A etapa do peronismo proscrito, com Perón exilado na América Central, deu lugar à “resistência peronista” (1955-1960). Perón definiu o caráter movimentista de sua força – que continha a direita sindical e política e a esquerda da juventude e os intelectuais – nesses anos. As “62 Organizações Peronistas”, que controlavam a CGT, e a Juventude Peronista (JP) foram as ramificações políticas mais dinâmicas desse movimento.
O ramo político do peronismo era encarregado de velar pela ortodoxia por meio do sistema de “delegados” do líder exilado. Entre 1959 e 1972 – quando Perón regressou à Argentina –, começou a desenvolver-se a ideia da luta armada na JP. Desde 1959 até 1976, o peronismo conteve diversos grupos guerrilheiros: Uturuncos (1959); Tacuara (1962); Forças Armadas Peronistas (FAP, 1967), Forças Armadas Revolucionárias (FAR, 1967) e Montoneros (1968). As duas últimas se uniram aos Montoneros em 1973. O peronismo e o cristianismo – baseado no Concílio Vaticano II –, assim como a Revolução Cubana marcaram a ideologia predominante de esquerda peronista que expressava a ala mais radical da JP.
Pátria sindical versus pátria socialista
Em 11 de março de 1973, a fórmula peronista encabeçada por Héctor José Cámpora, delegado de Perón, ganhou as eleições presidenciais. Seu governo durou só 49 dias. Em 20 de junho, Perón voltou à Argentina, após dezoito anos de exílio.

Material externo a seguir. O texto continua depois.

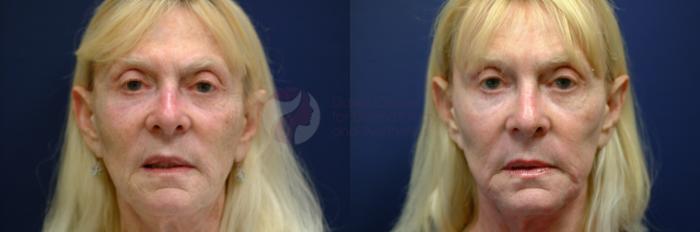 Before & After Chemical Peels Case 26 View #2 View in Dallas, TX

A recepção, em Ezeiza, onde está localizado o aeroporto internacional, convocou mais de dois milhões de pessoas e terminou em massacre, quando se enfrentaram em armas a direita e a esquerda peronistas: a “pátria sindical”, que expressava o sindicalismo ortodoxo e o PJ, versus “a pátria socialista”, que expressava os Montoneros e a JP. O fato ficou historicamente conhecido como o Massacre de Ezeiza.
Quando Perón retornou, Cámpora foi redesignado presidente provisório da Câmara dos Deputados, por Raúl Lastiri, genro de José López Rega, secretário particular de Perón e uma das figuras mais obscuras do peronismo, criador da força paramilitar de direita conhecida como Triplo A, que assassinou centenas de pessoas durante a primeira metade dos anos 70. Perón – com sua terceira esposa, Maria Estela Martínez de Perón, Isabelita, como vice-presidente – ganhou as eleições que o levaram à última presidência. Em 1º de julho de 1974, quando Perón morreu, os enfrentamentos entre a direita e a esquerda do peronismo eram sangrentos. A presidência ficou nas mãos de Isabelita até o golpe militar de 1976.
Durante a ditadura, o peronismo se reagrupou com os setores tradicionais: o sindicalismo e o ramo político, que apresentou a candidatura de Ítalo Luder e Herminio Iglesias, derrotados nas eleições de 1983. Abriu-se, então, um processo de renovação do peronismo.
Peronismo neoliberal
A chegada de Carlos Menem ao poder, em 1989, deu início ao “peronismo neoliberal” que contrariou o ideário histórico de justiça social, não alinhamento com os Estados Unidos e defesa das empresas do Estado. O fim da etapa menemista voltou a ter o PJ como eixo da crise de 2001, hegemonizado pelo caudilho “portenho” Duhalde, que insistiu na retomada de certas palavras de ordem históricas do peronismo. Na contenda eleitoral de 2003, para derrotar Menem, elegeu-se Néstor Kirchner, ex-militante da JP e governador de Santa Cruz, que expressou uma identificação renovada do ideário de fundação do peronismo.